Re: [-empyre-] authors and authority :.

2010-10-16 Thread Timothy Murray
It's been incredibly interesting to read this 
weekend's posts in the midst of our conference 
on Global Aesthetics (streamed live all day 
today 9-6Eastern Standard Time, 
http://www.arts.cornell.edu/sochum/ ) as 
interntational artists, curators, and 
theoreticians have been meeting to figure out 
ways to 'make sense' together by crossing the 
discourses of their practices and media, marked 
by the intense differentiations of their subject 
positions and geopolitical orientations.  Last 
night, Bruno Bosteels delivered a plenary 
lecture by positioning  Rancière's Mallarmeen 
subject as the pivot of colonial thought and 
practice, but one that Bosteels suggestes is not 
easily escapable, even from within the context 
of the Latin American context of the art 
practice of Guillermo Kuitca who he discussed. 
I'll look forward to elaborating on this in 
Paris with those comine in person for Making 
Sense.


Best,

Tim


Hi All
This is my first iPad email, sent from London on 
the way to Paris, which in some undefined way 
seems appropriate.
JeanB provokes responses that put him in a 
determining position in this discussion, which 
is, in a way, a good strategy, if a little in 
conflict with his take.
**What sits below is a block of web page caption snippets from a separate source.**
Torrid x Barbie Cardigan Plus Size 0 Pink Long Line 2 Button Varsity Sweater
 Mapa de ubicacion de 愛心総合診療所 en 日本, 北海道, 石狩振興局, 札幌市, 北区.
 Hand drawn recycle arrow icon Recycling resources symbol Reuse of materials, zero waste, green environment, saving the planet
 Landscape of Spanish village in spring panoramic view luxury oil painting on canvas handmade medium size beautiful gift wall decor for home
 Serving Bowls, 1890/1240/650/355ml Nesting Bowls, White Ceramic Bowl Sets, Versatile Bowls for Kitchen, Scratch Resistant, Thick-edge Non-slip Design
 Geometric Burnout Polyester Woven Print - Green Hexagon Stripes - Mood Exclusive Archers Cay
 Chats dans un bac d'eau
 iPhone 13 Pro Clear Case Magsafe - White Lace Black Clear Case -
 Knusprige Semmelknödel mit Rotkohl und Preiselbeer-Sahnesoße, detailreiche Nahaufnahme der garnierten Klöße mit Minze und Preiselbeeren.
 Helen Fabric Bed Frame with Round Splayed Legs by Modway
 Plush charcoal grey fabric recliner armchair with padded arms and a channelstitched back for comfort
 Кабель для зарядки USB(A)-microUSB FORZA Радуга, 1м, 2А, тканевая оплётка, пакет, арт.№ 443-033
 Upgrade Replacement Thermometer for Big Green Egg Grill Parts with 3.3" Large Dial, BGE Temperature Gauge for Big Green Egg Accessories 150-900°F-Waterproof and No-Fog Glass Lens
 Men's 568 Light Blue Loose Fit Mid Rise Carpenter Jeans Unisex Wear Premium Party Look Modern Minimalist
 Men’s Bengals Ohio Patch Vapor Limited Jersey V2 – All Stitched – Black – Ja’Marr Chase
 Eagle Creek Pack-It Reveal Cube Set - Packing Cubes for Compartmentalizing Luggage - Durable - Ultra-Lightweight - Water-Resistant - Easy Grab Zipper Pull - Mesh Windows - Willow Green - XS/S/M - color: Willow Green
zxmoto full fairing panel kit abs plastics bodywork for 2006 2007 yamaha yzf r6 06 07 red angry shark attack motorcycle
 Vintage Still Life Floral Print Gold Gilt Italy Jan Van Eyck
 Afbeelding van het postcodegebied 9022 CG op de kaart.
I say this not only 
because I think it is true, but also because it 
relates to what I want to say- I'm sure you 
won't take it personally, JeanB!
Taking up what Lorna said at the end of her 
post, the issue of how you negotiate 
institutions is gendered (or sexed, as I prefer 
to say, as it's an embodied term) This applies 
at the level of theory and of practice: at the 
former because, as a woman in patriarchal 
institutions, I am a subaltern Subject, as is 
Lorna in getting Making Senses together; and at 
the latter, that of practice, because one lacks 
the kind of credibility so taken for granted by 
male colleagues that it is invisible 
(ideological in the sense once current in more 
politically aware days). This makes the act of 
foregoing certain privileges adhering to power 
signify differently.
The Mallarmeen Subject is highly equivocal 
(equi/vocal), which is one reason why he is a 
male practitioner of ecriture feminine (the auto 
text changed ecriture to scripture! And I 
haven't figured out the iPad accents yet). 
JeanB, you a partly right in your interpretation 
of the ways Mallarme anticipates the web, but 
there is much more to it than allowing space for 
the reader in the generation of meaning, which 
would not really be distinct from any readerly 
text in Barthes' sense. It's about the operation 
of the Subject in the syntax, and other aspects 
of the poetics (including temporality and the 
erosion of word-boundaries. These are central to 
what John and I are experimenting with.

There's more, but I am out of time for now
All the best
penny
Sent from my iPad

On Oct 15, 2010, at 6:24 AM, Lorna Collins lp...@cam.ac.uk wrote:


 Dear Jean-Baptise, dear all,

 JB, I want to make a very brief comment on your message, about my
 experience of organising this event. We -- I suppose you could say
 that we have formed a royal we, which in this instance refers to the
 committee of people who have organised the second colloquium at
 Cambridge. This is not intentionally separated or hierarchical royal
 We. We have not wanted to close ourselves to a small group, on the
 contrary we are constitutively open, but in order to organise this
 event we have had to communicate between a small amount of (eight)
 people in order to make it happen. These people were not 'chosen' but
 volunteered at a meeting, and we formed a natural committee. One of
 the purposes of the second colloquium is to set up the next event in
 this series. We will open the floor to see who wants to be involved in
 organising an event like this. How can we organise an event without
 forming a smaller grouping of people, and asigning different tasks to
 different people? And JB, how can we organise this event in a way that

  challenges the authority of the institutions? We have found ourselves

 continually challenged by the institutions and we try to new find ways
 of communicating with those in authority. This is not a deconstructive
 or destructive intention -- we need to communicate with the
 institutions, in a language that can open and redistribute their
 hierarchy. We do not want to incite an aggressive revolution, but,
 rather, we try to explain to the institutions how their system and
 authority can be challenged and an alternative suggested, in this way,
 and we discuss how to make things make sense and then change. 'In this
 way' -- what is this what? What is the alternative? How do we make
 things make sense and then change? These are the very questions that
 we will be discussing and experimenting with at the colloquium.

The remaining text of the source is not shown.